Thursday, April 19
Thoughts of Transition
Now, it is the pleasure of my everyday chores, the warm sunshine of Spring, the songbirds, the children laughing during their recess in the schoolyard next-door.
My heart is ripe with gratitude. How lucky I am to be here, right now.
I want to chronicle the stars and air and sounds for Luca, the setting of his first chapter. Most important, I want to remember this sweet period right before he joins us so that later (perhaps when he is sixteen and pimply, sneaking cigarettes and breaking curfew) I will have something luxurious and soft to pull from my battered mothering box, a cloak to wrap around my sweet boy and protect him from my easy judgments and exasperations.
Every mother has a pile of these memories, perched on the edge of our minds, at the ready.
These quiet, mundane weeks before Luca is born are now ready to be folded and put away. I can feel a shift occurring in my body and mind. Every minute lived is another minute closer to Luca. Soon I will have memories of woven with details that only a parent can savor, like those tiny, tiny fingernails and the way his eyelids will flutter while he is lost in newborn dreams.

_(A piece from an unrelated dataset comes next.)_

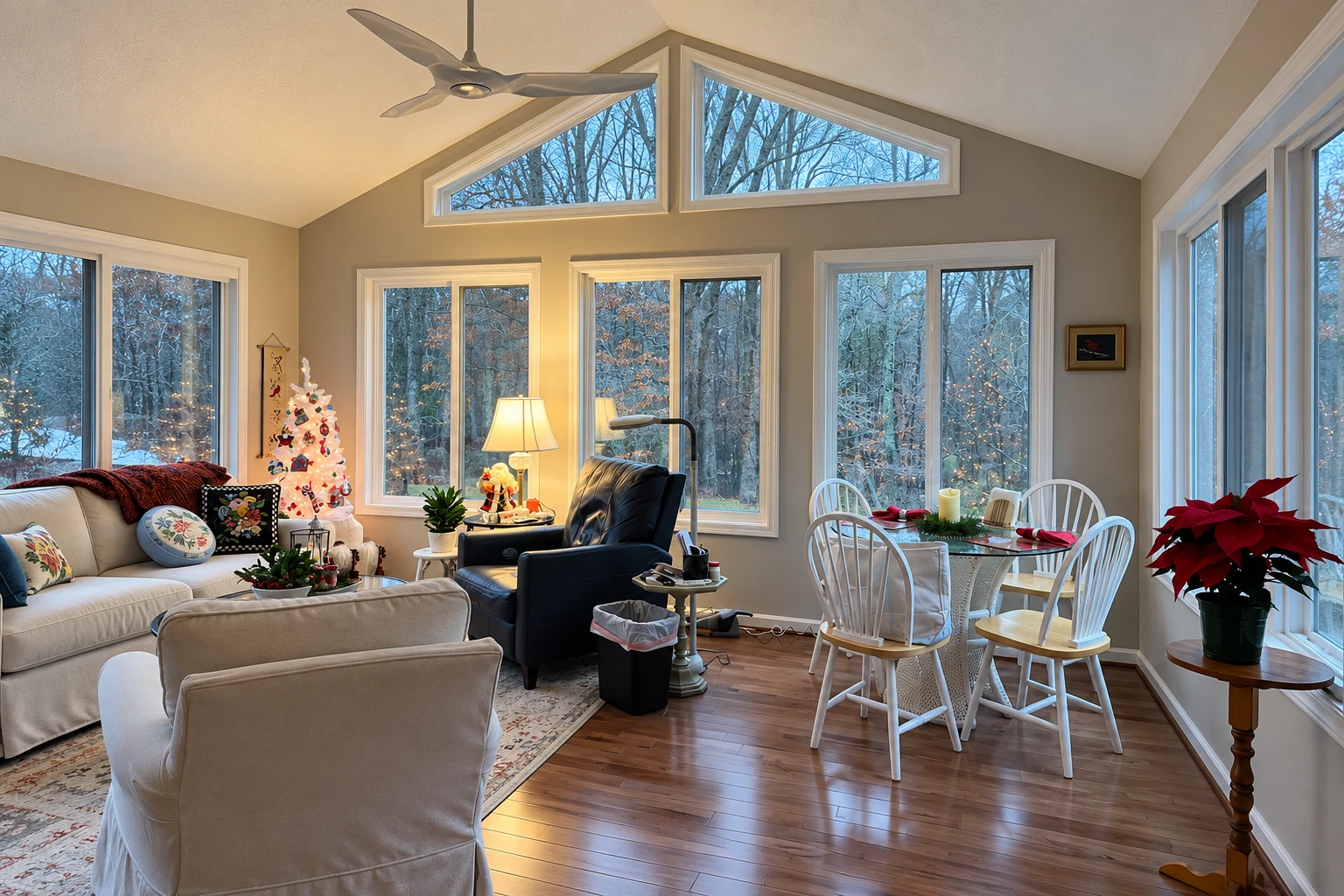 A furnished sunroom with large windows, a dining set, ceiling fan, and a small decorated Christmas tree.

The whole family seems to sense the transition. Every morning I wake up surrounded by my children, all of them quietly vying for my attention, even if it is just passive physical contact. They perhaps sense that my attention will stray for a little while, to be focused on a little one instead of homework assignments and skinned knees. The boys are more understanding but I wonder how Colette will respond to this coup. In these days before she loses the Baby crown, I am kissing those sweet cheeks just a little more often, giving her more time to gather her rocks and dig in the sand at the playground. I think she will like the Big Sister crown just as well, though it might fit a little awkwardly at first.